The effect of frozen ground on ground deformation is already calculated for some types of infrastructure such as oil pipelines in Alaska, but Parolai said the Kazakhstan study shows the importance of considering these effects in urban areas as well, especially when it can become a seasonal effect.
The Verny (Verny is the former name of Almaty) earthquake destroyed nearly all of the town's adobe buildings and killed 300 people in 1887. The Kemin earthquake, which took place about 40 kilometers from Verny, caused a surprising amount of widespread ground failure and destruction and 390 deaths.
Parolai and his colleagues reviewed historical records of the two earthquakes as part of a larger project studying site effects and seismic risk in central Asia led by the GFZ German Research Centre for Geosciences. The two Almaty earthquakes, including their secondary effects such as landslides, "were very well documented by expeditions of the Mining Department of Russia and the Russian Mining Society at the time," Parolai said.
The differences in ground failure between the two earthquakes were perplexing to the researchers. The fact that the two earthquakes had taken place at different times of year prompted Sandron and his colleagues to consider whether frozen ground might have been a factor in ground failure, as previous researchers had noted for the 1964 magnitude 9.2 Great Alaska earthquake.
To explore this idea, the research team created computer simulations of the earthquakes using different models of the soil profile that would affect the velocity of seismic waves passing through them, along with temperature data (more than 100 years of temperature recordings exist for Almaty) to determine whether it would be likely to have a frozen layer of ground at shallow depth during January.
One of the other challenges, said co-author Rami Alshembari ,formerly of the International Centre for Theoretical Physics in Italy and currently at the University of Exeter in the United Kingdom, was finding a way to include appropriate strong motion data recordings in the simulations, since "of course there were no digital recordings of these two earthquakes. We had to choose the most reasonable and robust studies for input of strong motion," finally settling on data taken from the 1999 magnitude 7.6 Chi-Chi earthquake in Taiwan, appropriately modified, as being most similar to the Almaty earthquakes.

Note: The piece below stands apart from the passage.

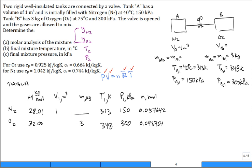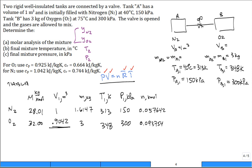Taking the number of moles of nitrogen and multiplying by the molar mass of 28.01 kg/kmol gives a nitrogen mass of 1.6147 kg. We can also calculate the volume occupied by the oxygen using the ideal gas equation, solving for V: that comes out to 0.9042 cubic meters. Summing the volumes gives the total volume of the mixture: 1.9042 cubic meters. The total mass is 4.6147 kg, and the total amount in kmol is 0.151395 kmol.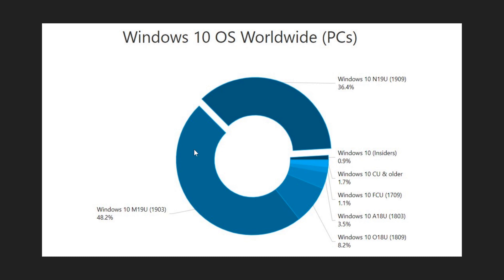The major version still is the Windows 10 May 2019 update. That 1903 version accounts for 48.2%. We do have about 8.2% of people on the October 2018 update. So these are the three supported versions for consumers.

Models that included a one-meter deep frozen layer as a seal against pore pressure draining were the best fit for the ground failure seen in the Kemin earthquake, they concluded. Although the researchers suspected that a frozen layer could be the culprit, Parolai said they were surprised by the strength of the effect.
The findings suggest that other seismologists should consider seasonality in their site effect studies, he noted. "Even in materials where we would not expect this effect, due to local conditions and temperatures it could happen."
"Without this good documentation, probably we would not have noticed this effect," said Parolai. "This is telling us that good data taken in the past can be very precious in 100 years."